■ Problem description
What you return should be only the lines starting at the one that contains "Green White Dot Mandala Print Basketball" and running to the end of the listing, exactly as written, minus any pictures.

# # # # # # #

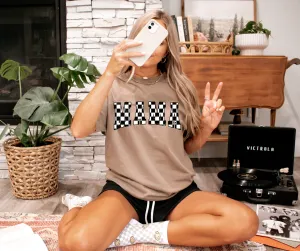 Checkered Mama Brown Tee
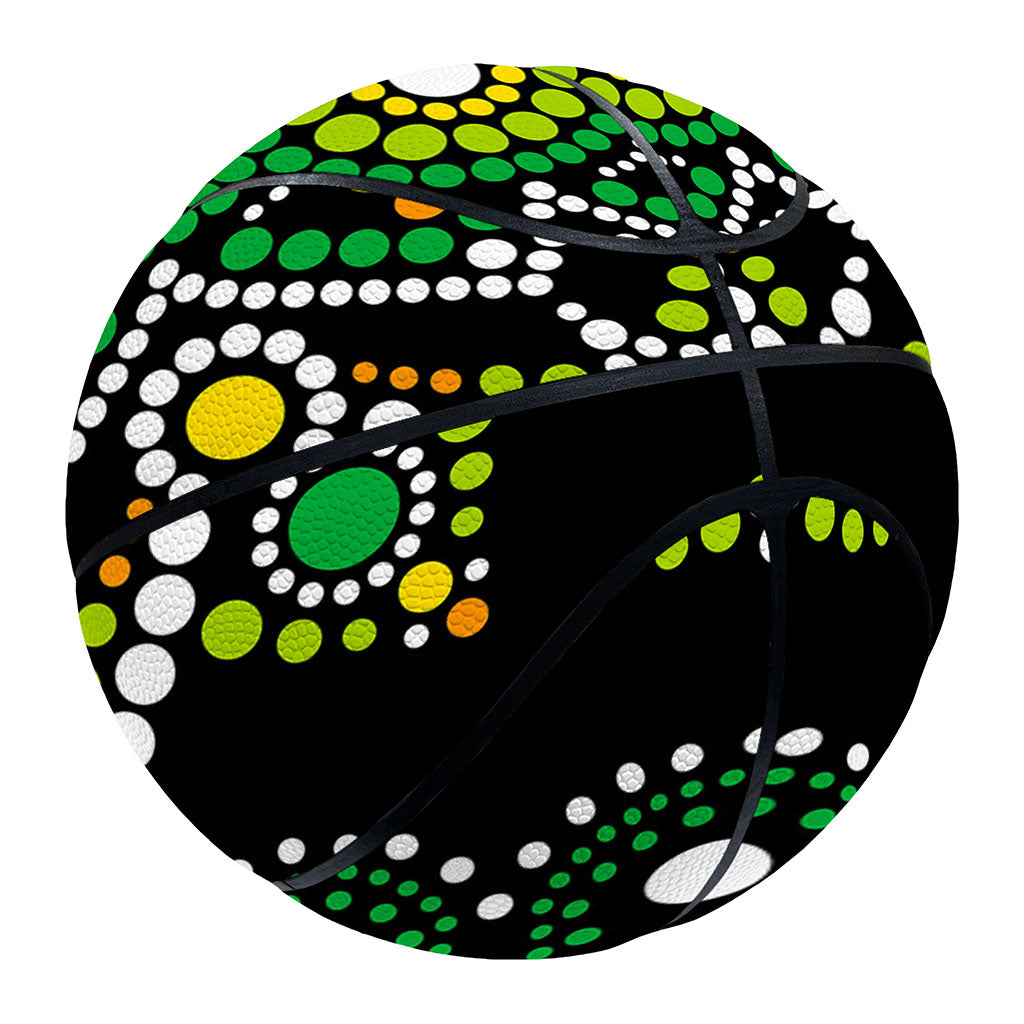Green White Dot Mandala Print Basketball
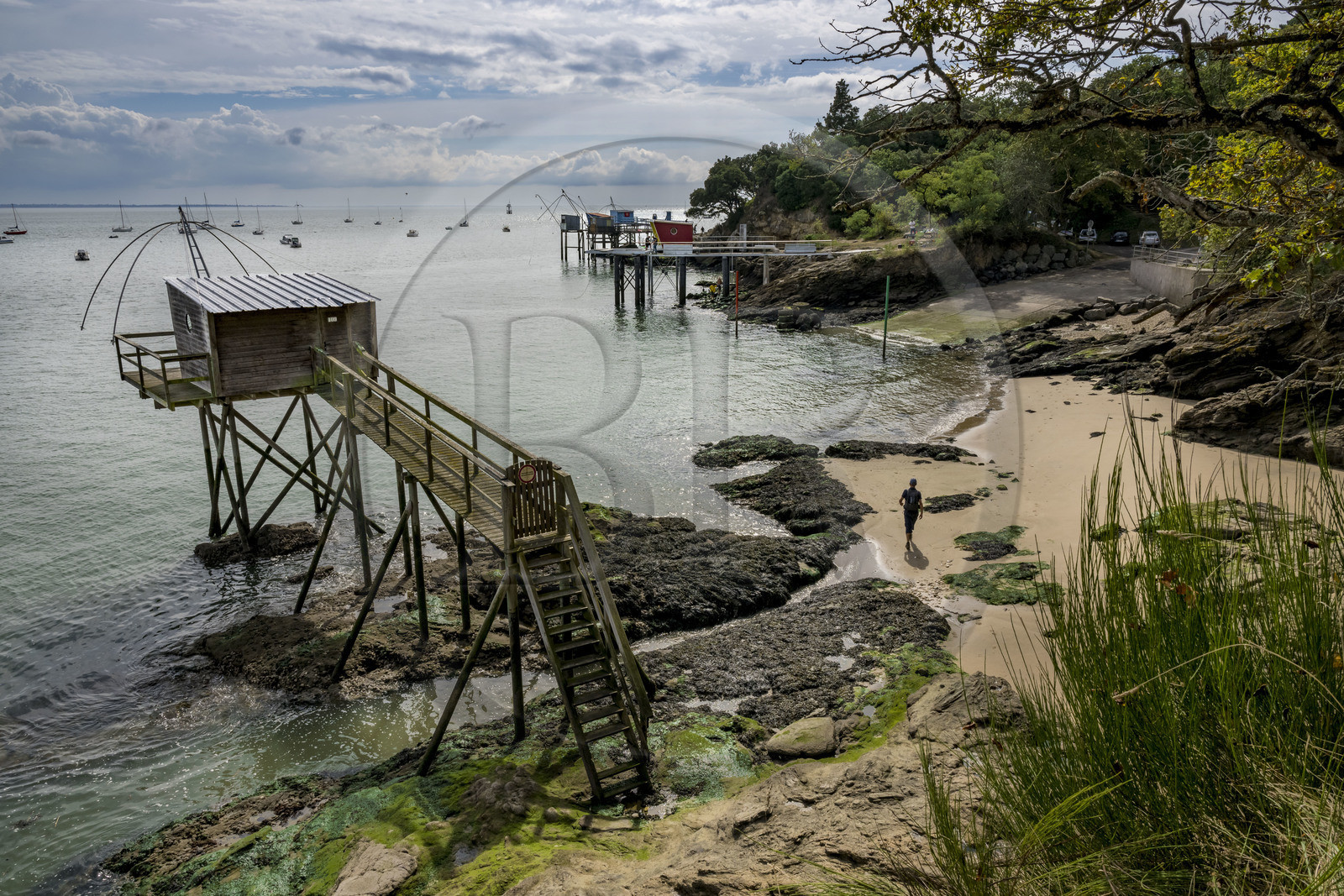 France, Loire-Atlantique (44), Estuaire de la Loire, Saint-Nazaire, plage de Trébézy, pêcheries de Gavy, cabanes de pêche traditionnelle au carrelet
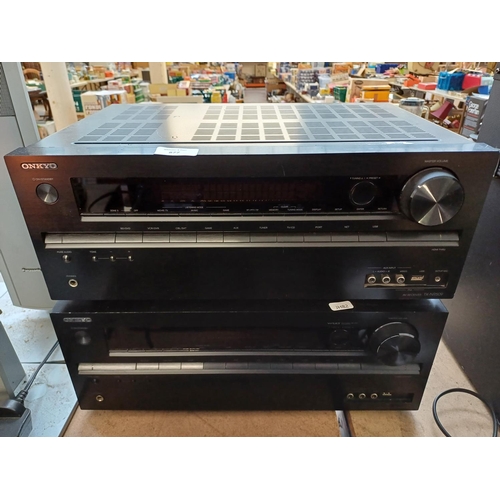 877 - Two Onkyo AV receivers, one TX-NR509 and one TX-NR414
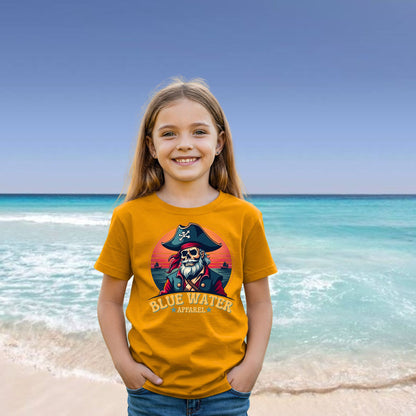 model on beach wearing Vintage Pirate Gold tshirt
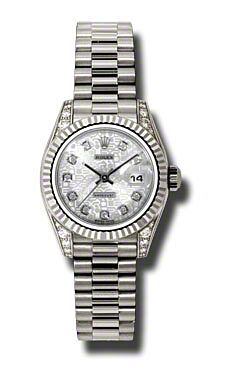 Rolex Pre Owned Datejust White Gold Silver Jubilee Diamond Dial 26mm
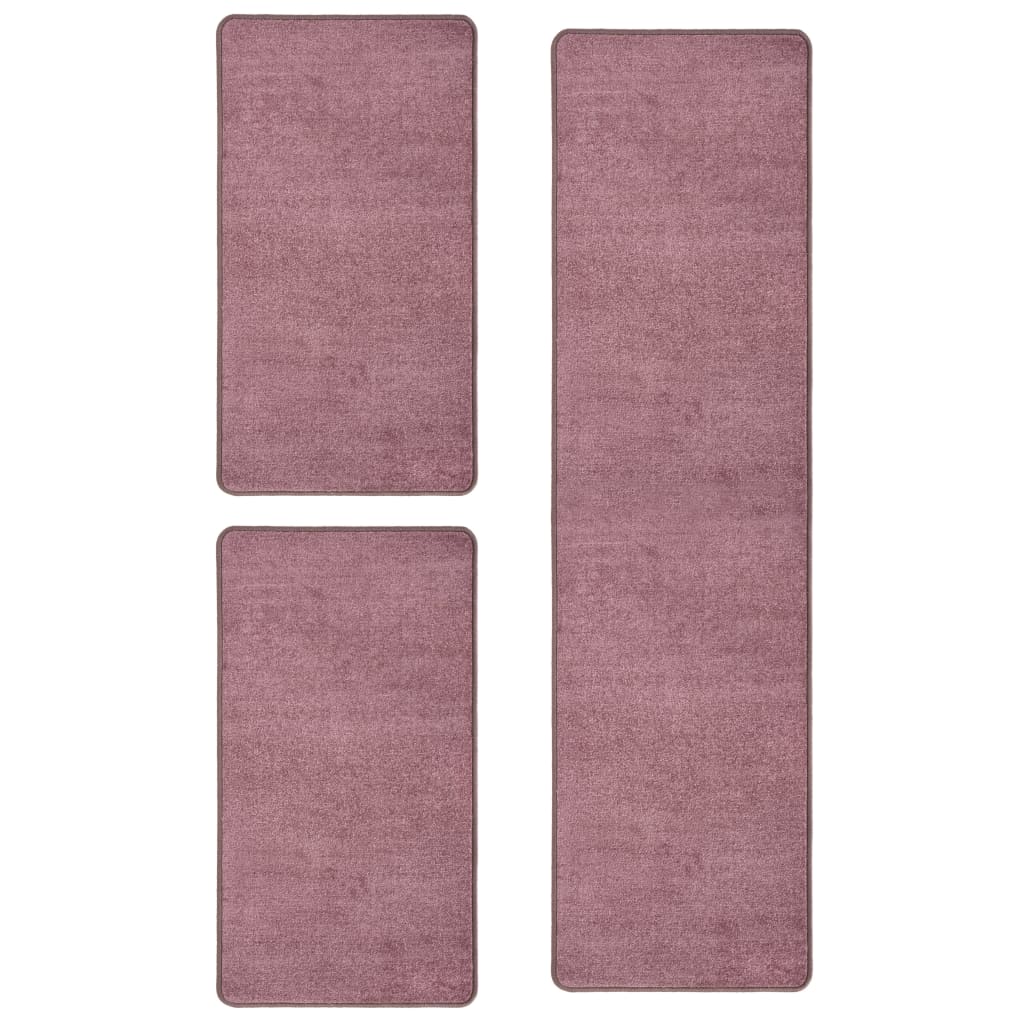 Set de 3 covoare de pat latoase vidaXL, Polipropilena, 70 x 250 cm + 70 x 140 cm, Mov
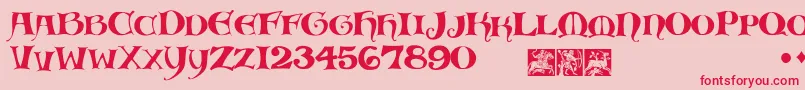 Scribish-fontti – punaiset fontit vaaleanpunaisella taustalla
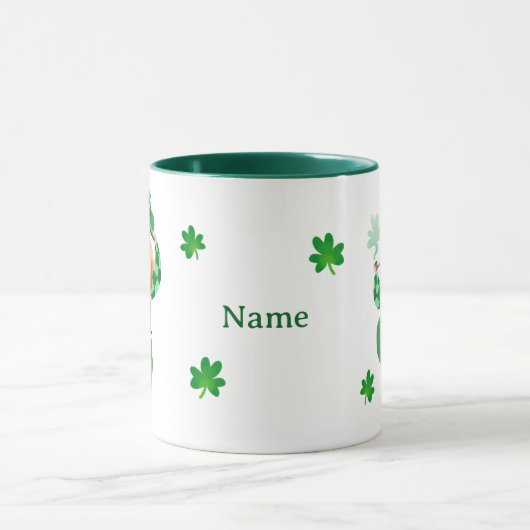 St. Patrick's Day Schattigee Leprechaun gepersonal Mok (Midden)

# # # # # # #

■ Solution to this problem
Green White Dot Mandala Print Basketball
 France, Loire-Atlantique (44), Estuaire de la Loire, Saint-Nazaire, plage de Trébézy, pêcheries de Gavy, cabanes de pêche traditionnelle au carrelet
 877 - Two Onkyo AV receivers, one TX-NR509 and one TX-NR414
 model on beach wearing Vintage Pirate Gold tshirt
 Rolex Pre Owned Datejust White Gold Silver Jubilee Diamond Dial 26mm
 Set de 3 covoare de pat latoase vidaXL, Polipropilena, 70 x 250 cm + 70 x 140 cm, Mov
 Scribish-fontti – punaiset fontit vaaleanpunaisella taustalla
 St. Patrick's Day Schattigee Leprechaun gepersonal Mok (Midden)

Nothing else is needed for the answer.